▸ Work to complete
Repeat the data word for word. Do not include the pictures.

▸ Materials provided
----

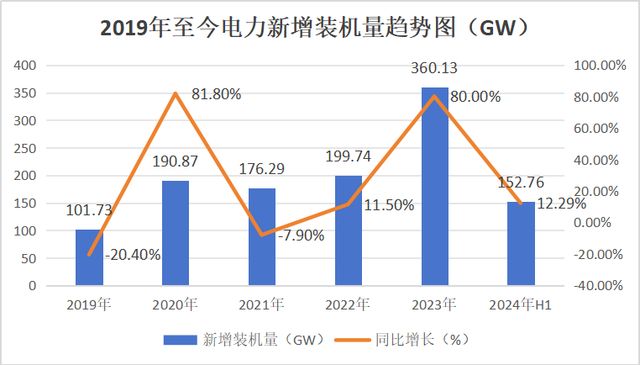 白小姐一肖一码2024年_新能源七大细分行业2024年发展趋势及竞争格局分析  第7张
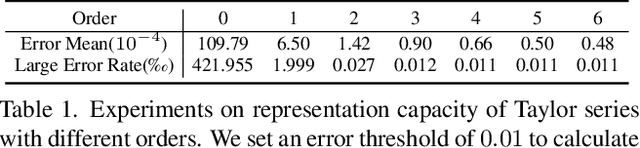 Figure 2 for TaylorImNet for Fast 3D Shape Reconstruction Based on Implicit Surface Function
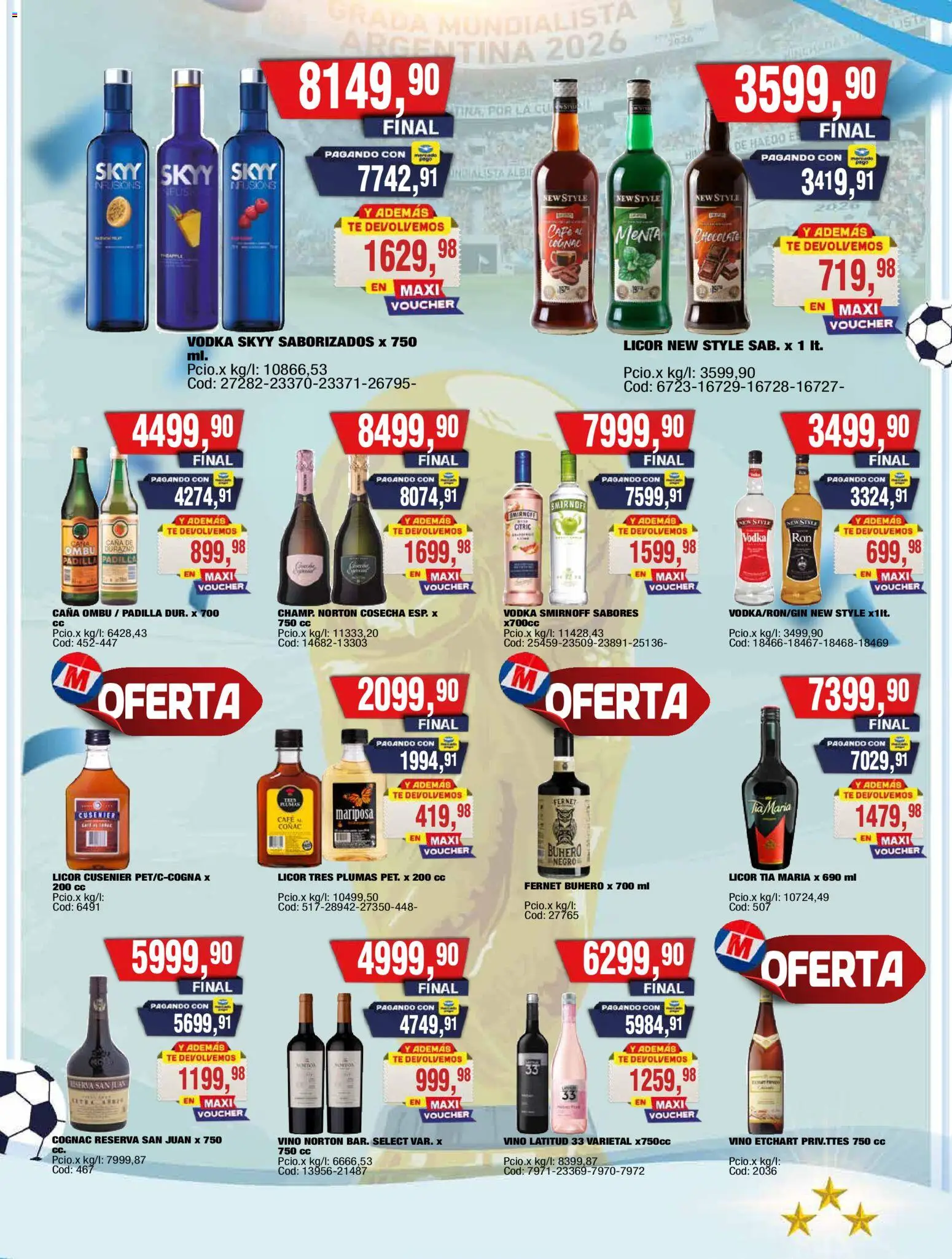 Maxiconsumo ofertas │ válido desde el 15.06.2026 | Página: 20 | Productos: Durazno, Fernet, Vino, Té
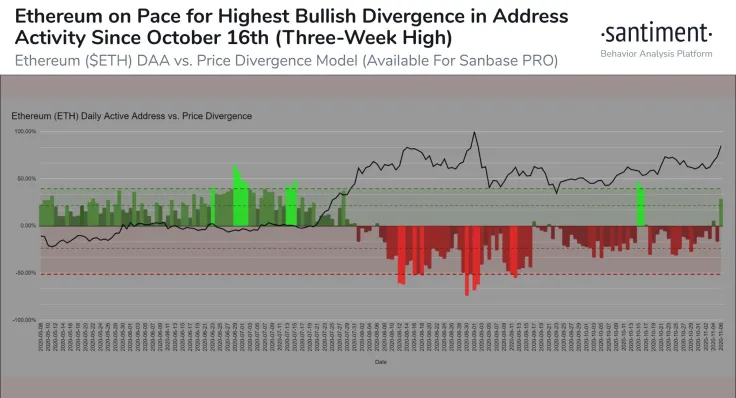 Ethereum daily active addresses against price divergence
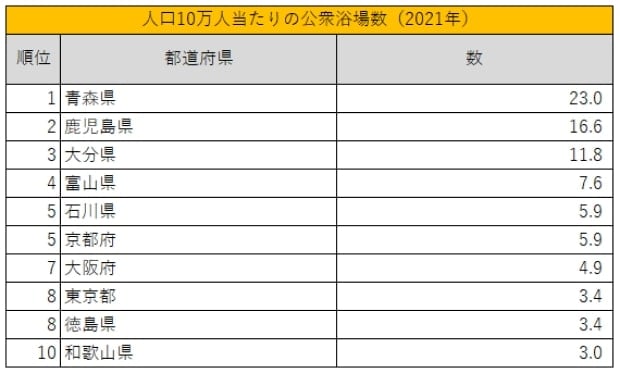 人口10万人当たりの公衆浴場数TOP10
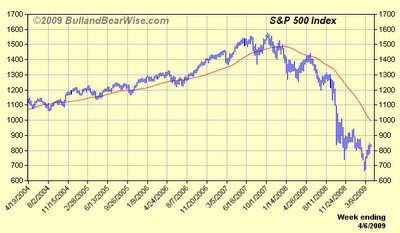 SP5001.png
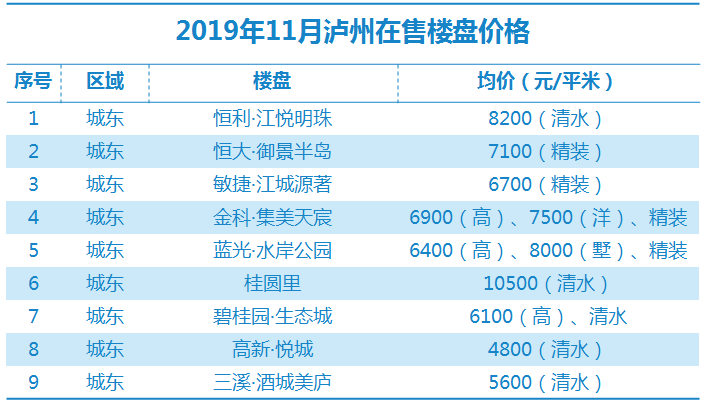 瀘縣最新房價走勢及購房指南，市場動態(tài)、熱門區(qū)域全解析
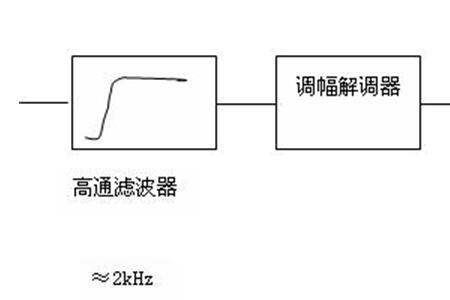 非正弦信号传输产生失真的原因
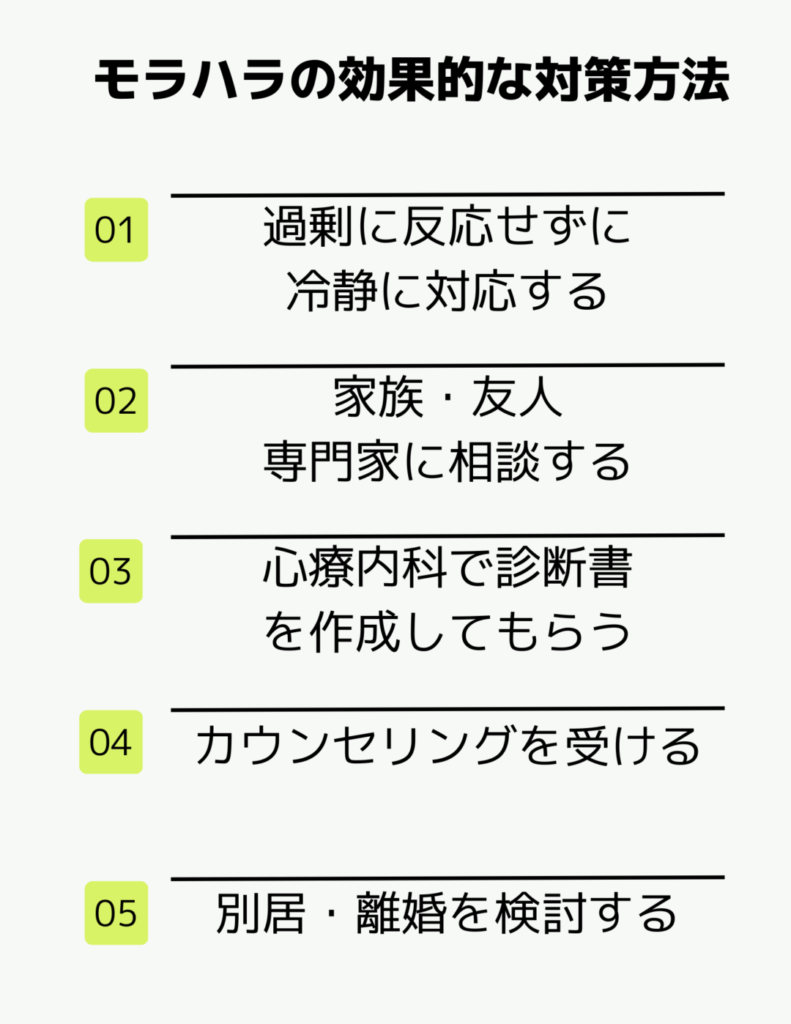 モラハラ夫の対処法｜モラハラの5つの対策とNG行動を解説 - 難波みなみ法律事務所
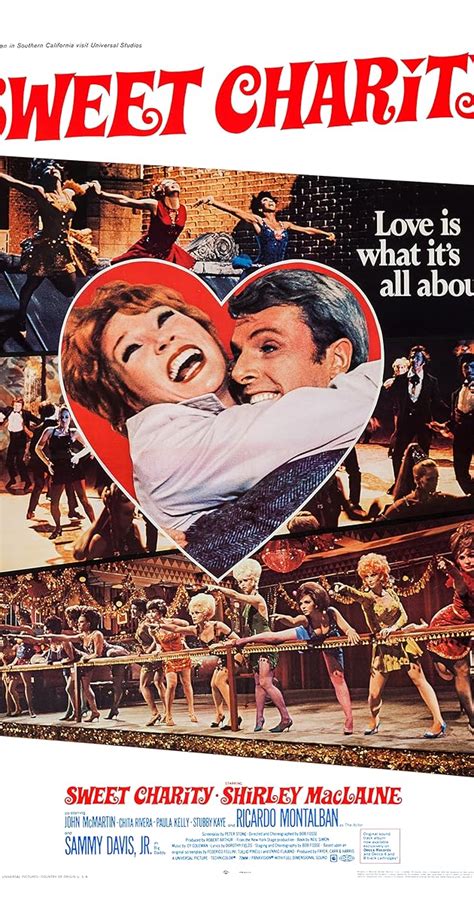 sweet charity imdb|sweet charity 1969 cast.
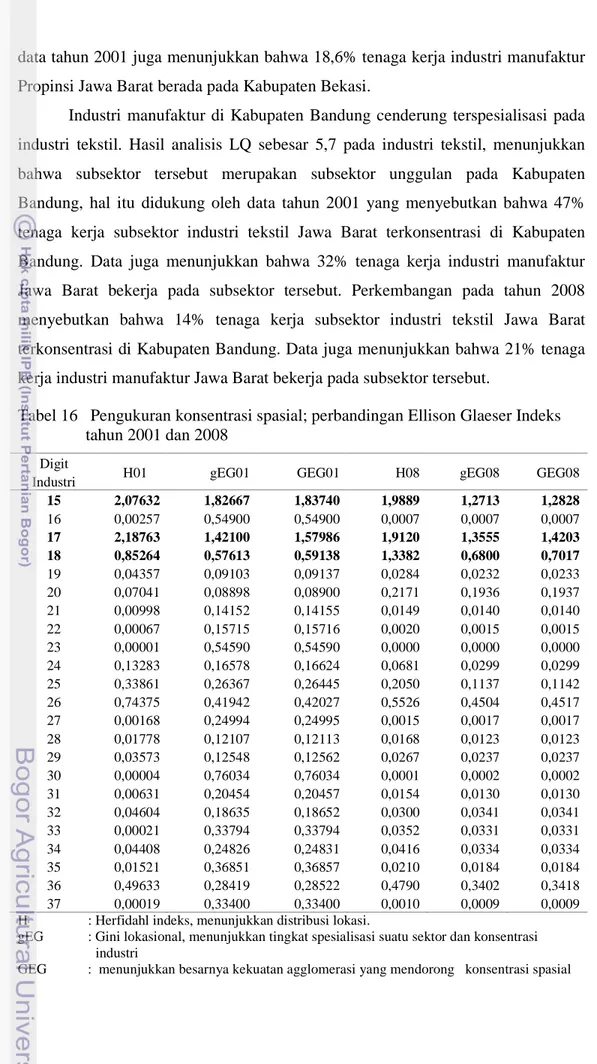 Tabel 16   Pengukuran konsentrasi spasial; perbandingan Ellison Glaeser Indeks       tahun 2001 dan 2008 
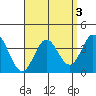 Bolsa Chica State Beach tide chart for Tuesday, September 3, 2024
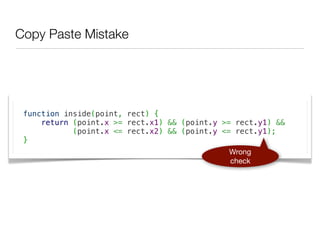 Copy Paste Mistake




 function inside(point, rect) {
     return (point.x >= rect.x1) && (point.y >= rect.y1) &&
            (point.x <= rect.x2) && (point.y <= rect.y1);
 }
                                              Wrong
                                              check
 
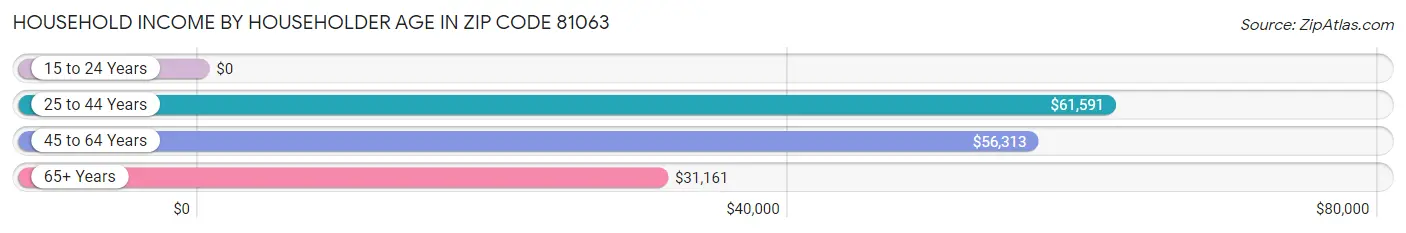 Household Income by Householder Age in Zip Code 81063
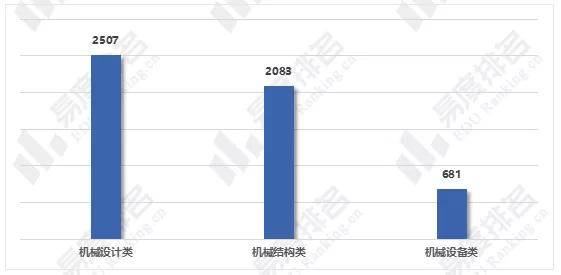 東莞紙箱啤機最新招聘動態(tài)及相關行業(yè)人才需求分析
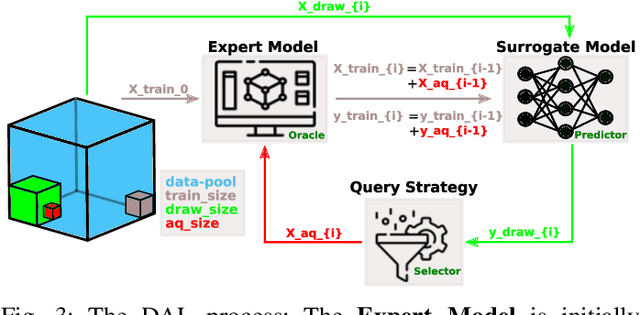 Figure 3 for DADO -- Low-Cost Selection Strategies for Deep Active Design Optimization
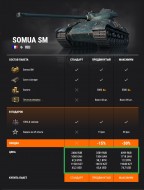Премиум танк недели в World of Tanks: Somua SM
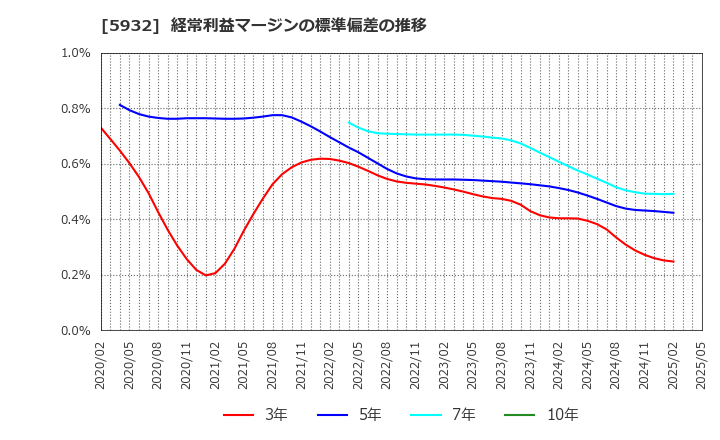 5932 三協立山(株): 経常利益マージンの標準偏差の推移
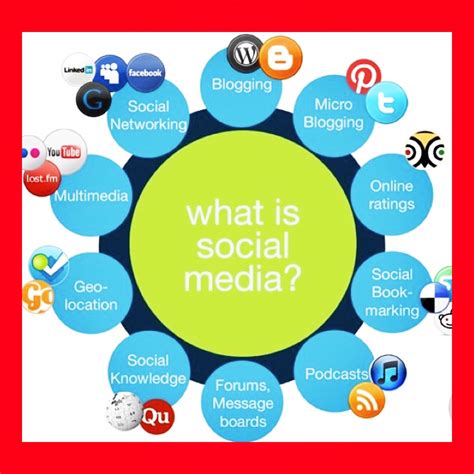 social media marketing agency social media infographic social networks  facebook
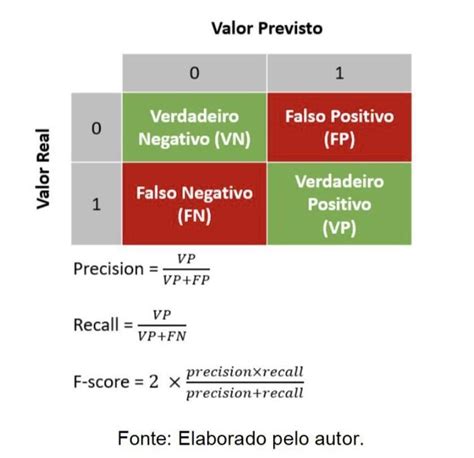 A Matriz De Confus O Uma Ferramenta Til Para Analisarmos Os Erros Do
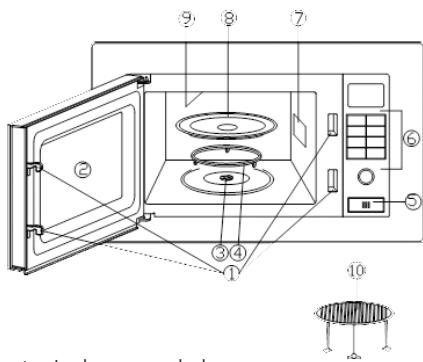 ECG MTD 2080 VGSS - ARMADO DEL HORNO MICROONDAS - 1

----

▸ Answer box
 白小姐一肖一码2024年_新能源七大细分行业2024年发展趋势及竞争格局分析  第7张
 Figure 2 for TaylorImNet for Fast 3D Shape Reconstruction Based on Implicit Surface Function
 Maxiconsumo ofertas │ válido desde el 15.06.2026 | Página: 20 | Productos: Durazno, Fernet, Vino, Té
 Ethereum daily active addresses against price divergence
 人口10万人当たりの公衆浴場数TOP10
 SP5001.png
 瀘縣最新房價走勢及購房指南，市場動態(tài)、熱門區(qū)域全解析
 非正弦信号传输产生失真的原因
 モラハラ夫の対処法｜モラハラの5つの対策とNG行動を解説 - 難波みなみ法律事務所
 sweet charity imdb|sweet charity 1969 cast.
 Tabel 16   Pengukuran konsentrasi spasial; perbandingan Ellison Glaeser Indeks       tahun 2001 dan 2008 
 Bolsa Chica State Beach tide chart for Tuesday, September 3, 2024
 Copy Paste Mistake




 function inside(point, rect) {
     return (point.x >= rect.x1) && (point.y >= rect.y1) &&
            (point.x <= rect.x2) && (point.y <= rect.y1);
 }
                                              Wrong
                                              check
 
 Household Income by Householder Age in Zip Code 81063
 東莞紙箱啤機最新招聘動態(tài)及相關行業(yè)人才需求分析
 Figure 3 for DADO -- Low-Cost Selection Strategies for Deep Active Design Optimization
Премиум танк недели в World of Tanks: Somua SM
 5932 三協立山(株): 経常利益マージンの標準偏差の推移
 social media marketing agency social media infographic social networks  facebook
 A Matriz De Confus O Uma Ferramenta Til Para Analisarmos Os Erros Do
 ECG MTD 2080 VGSS - ARMADO DEL HORNO MICROONDAS - 1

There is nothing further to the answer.